The force with which an object near the Earth or another celestial body is attracted toward the center of the body by gravity. An object's weight depends on its mass and the strength of the gravitational pull. The weight of an object in an aircraft flying at high altitude is less than its weight at sea level, since the strength of gravity decreases with increasing distance from the Earth's surface. The SI unit of weight is the newton, though units of mass such as grams or kilograms are used more informally to denote the weight of some mass, understood as the force acting on it in a gravitational field with a strength of one G. The pound is also still used as a unit of weight.
A system of such measures, such as avoirdupois weight or troy weight.
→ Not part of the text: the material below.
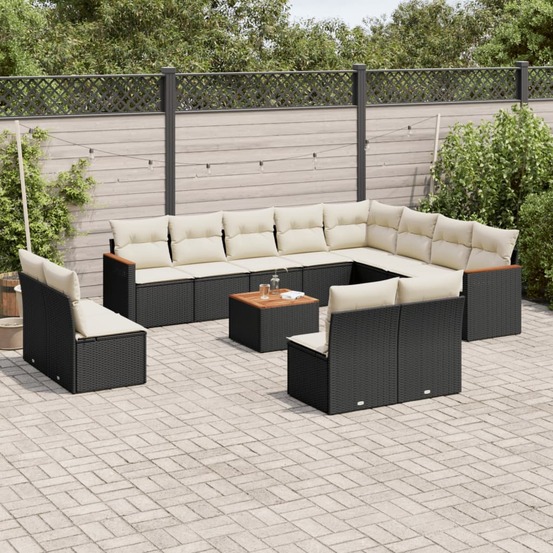 Salon de jardin avec coussins 13 pcs noir résine tressée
Our Living Language: Although most hand-held calculators can translate pounds into kilograms, an absolute conversion factor between these two units is not technically sound. A pound is a unit of force, and a kilogram is a unit of mass. When the unit pound is used to indicate the force that a gravitational field exerts on a mass, the pound is a unit of weight. Mistaking weight for mass is tantamount to confusing the electric charges on two objects with the forces of attraction (or repulsion) between them. Like charge, the mass of an object is an intrinsic property of that object: electrons have a unique mass, protons have a unique mass, and some particles, such as photons, have no mass. Weight, on the other hand, is a force due to the gravitational attraction between two bodies. For example, one's weight on the Moon is 1/6 of one's weight on Earth. Nevertheless, one's mass on the Moon is identical to one's mass on Earth. The reason that hand-held calculators can translate between units of weight and units of mass is that the majority of us use calculators on the planet Earth at sea level, where the conversion factor is constant for all practical purposes.